Il motto del Gattopardo è sempre valido per il nostro Paese: qualcosa deve cambiare affinchè tutto resti come prima. Resterà tutto come prima per alcune caste, ma il Paese è allo sfascio cronometrato. Il FMI ci aspetta. Mi auguro una presa di posizione dei cittadini italiani alla quale ci uniremo noi cittadini all’estero, già indignati e sensibili a questo tentativo di rovinare il Paese per le solite poltrone. O l’Italia si desta, o sarà considerata come disse Matternich ” una espressione geografica”, preda di conquiste economiche e politiche da parte di Stati stranieri, cosa del resto già in corso.
Se USE deve essere almeno che si abbia un ruolo importante, come lo avemmo quando si crearono le prime istituzioni comunitarie.
Ci vorrebbero dei nuovi Coccodrilli a Bruxelles, e invece abbiamo persone che a stento parlano inglese..capirai che bella lobbing riesci a fare se non partecipi ai salotti per scarsa capacità comunicativa..
Ciao Barbamamma e Massimiliano, quanto tempo che non ci si scrive! Nel frattempo ho delocalizzato i risparmi (legalmente, con bonifico..) in Svizzera, cambiando anche in CHF quasi tutto. Con l’euro che scende sull’ USD e il CHF ancorato a 1,20, cosa potrà succedere? Visto dove siamo arrivati (cross eur/usd a 1,21) cosa faccio? Potrei fare uno switch in NOK, ma ora conviene? Non ho avuto il coraggio di cambiare in USD quando era a 1,25, figurati ora.. Che mi consigliate?
Succederà che quando scatterà la patrimoniale a quelli come te che hanno portato i soldi all’estero gliela faranno pagare doppia. Così oltre lo sbattimento del quadro RW, l’inflazione che te li divora, i costi delle Banche Svizzere che sono tripli di quelle Italiane, finirai pure per pagare anche il doppio di chi li ha lasciati in Italia. Non sarai mica uno di quei furboni che hanno seguito i consigli di personaggi quali Paolo Barrai di Mercato Libero?!

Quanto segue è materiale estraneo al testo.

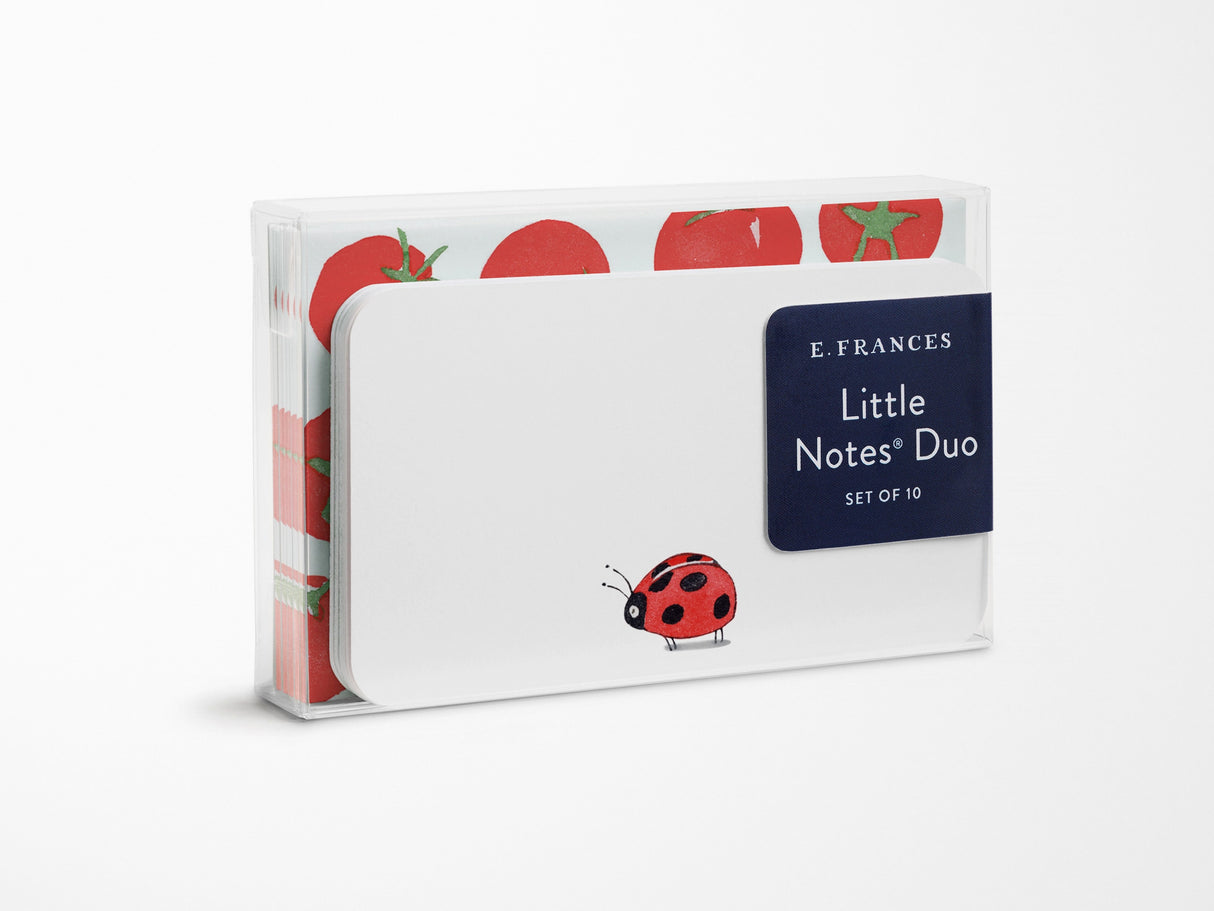 E. Frances Ladybug Little Notes® Duo Set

dissento su tutta la linea, tra l’altro basta leggere le nostre recensioni per scoprire che i costi delle banche estere sono spesso inferiori a quelli italiani e che ad esempio la patrimoniale di Monti risulta piu’ vantaggiosa rispetto a chi deposita in Italia o in UE, proprio per chi lo fa in Svizzera.
ne abbiamo parlato ampiamente in questo articolo
http://www.piccolorisparmio.eu/index.php/tassazione-sui-conti-esteri.html
e trattandosi di costi visibili pubblicamente, si tratta di fatti, non di opinioni.